Quel lien fais-tu entre la prétendue politique d’intégration et la falsification d’une partie de l’histoire française, notamment à travers la loi du 23 février 2005 donnant un rôle positif à la colonisation ?
Ékoué - Cette loi du 23 février 2005 vise véritablement à rétablir le fait colonial en Afrique. Je renvoie la question : la France a connu l’occupation par l’Allemagne pendant la Deuxième Guerre mondiale : qu’on nous demande de réhabiliter les bienfaits de l’occupation allemande, de dire qu’elle n’était pas si horrible que ça, on verra le tollé que ça réveillera. Les seuls à avoir défendu cette position sont les lepénistes et les négationnistes. Je considère que la colonisation est violente, que l’occupation est violente et, à partir du moment où l’on cherche à tromper les gens là-dessus, on est dans une volonté négationniste, fasciste.
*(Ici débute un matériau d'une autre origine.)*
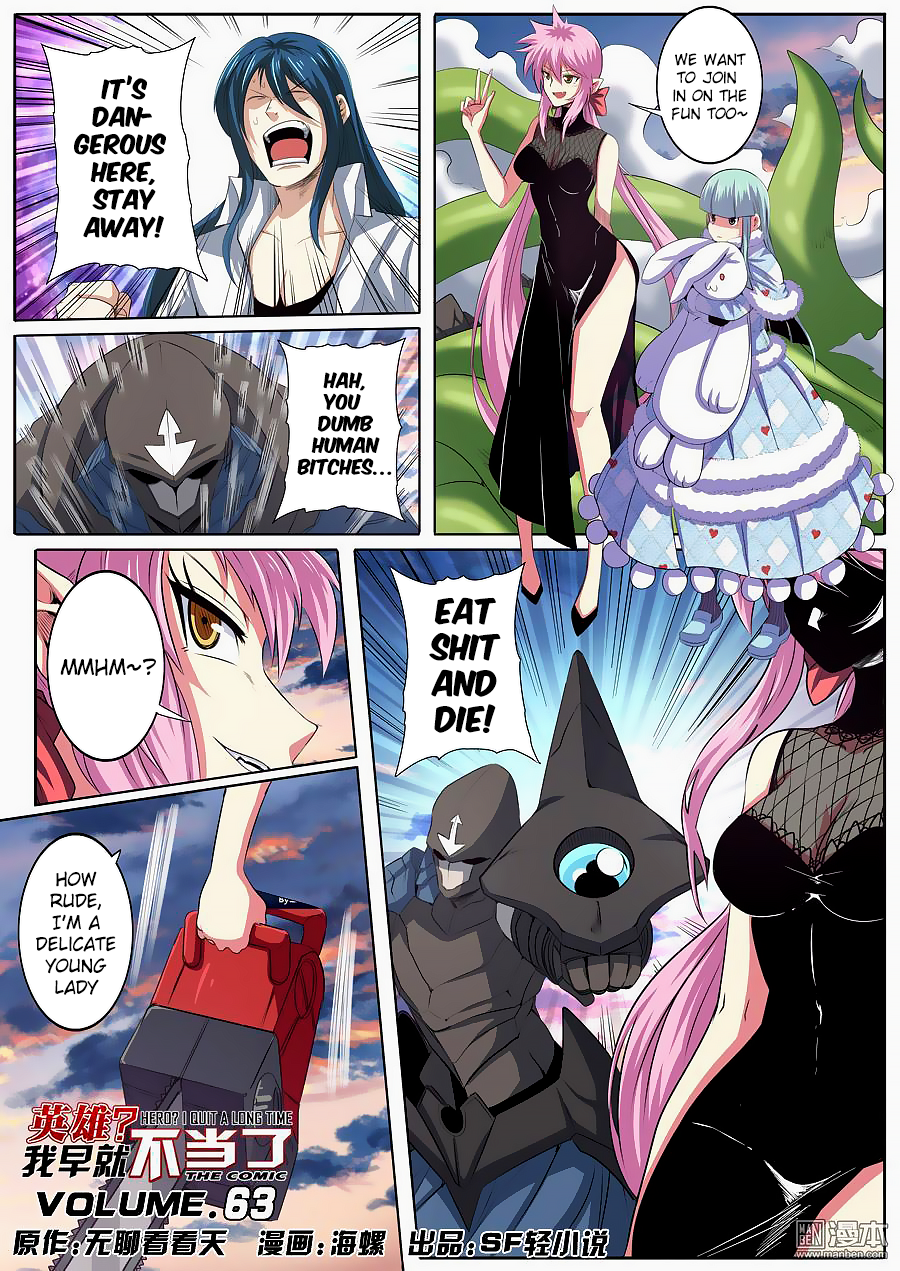 Hero I Quit A Long Time Ago Chapter 64 page 2 -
Les événements dans les banlieues pauvres sont-ils une réponse politique à la souffrance de ces quartiers et doit-on soutenir les « émeutiers » ?
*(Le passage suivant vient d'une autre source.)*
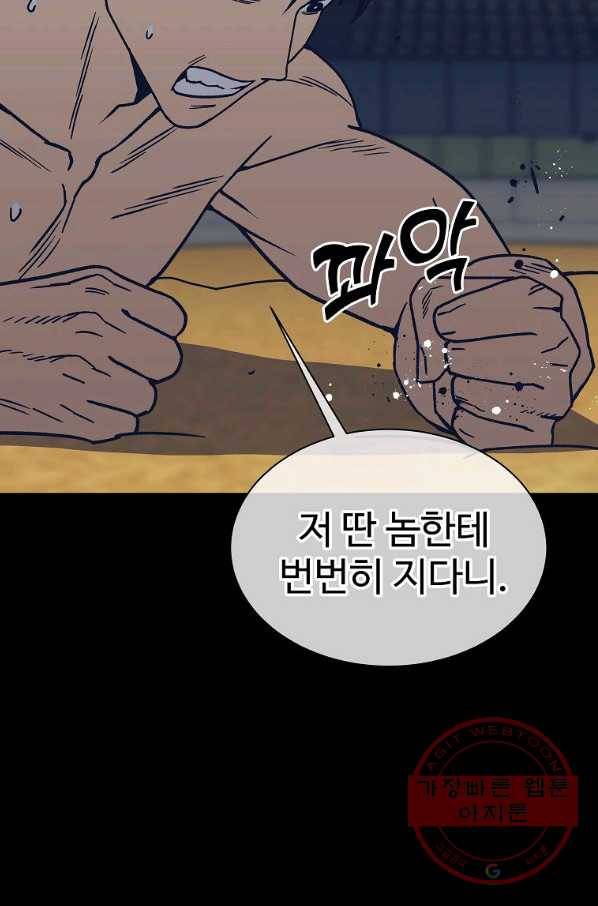 씨름의 희열 9화 36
Ékoué - Il est clair que c’est une réponse politique. Pour la solidarité avec les « émeutiers », partant du principe que la violence que subit cette jeunesse et que l’avenir qu’on lui propose la pousse à penser que c’est perdu d’avance, on a libre cours pour cautionner ou non les moyens employés. C’est un avis propre à chacun. Mais aujourd’hui, c’est la dernière caste de la société - les plus pauvres - qui s’exprime, et qui veut montrer qu’elle existe. Il faut arrêter de cacher la poussière sous le tapis et de nous considérer en tant que tel, en tant que poussière. Faire du rap, en parlant de ces problèmes-là, c’est notre raison d’exister. On continuera sans faire de promo sur ces événements. On n’est pas dans une logique mercantile face à la misère que vivent nos frères.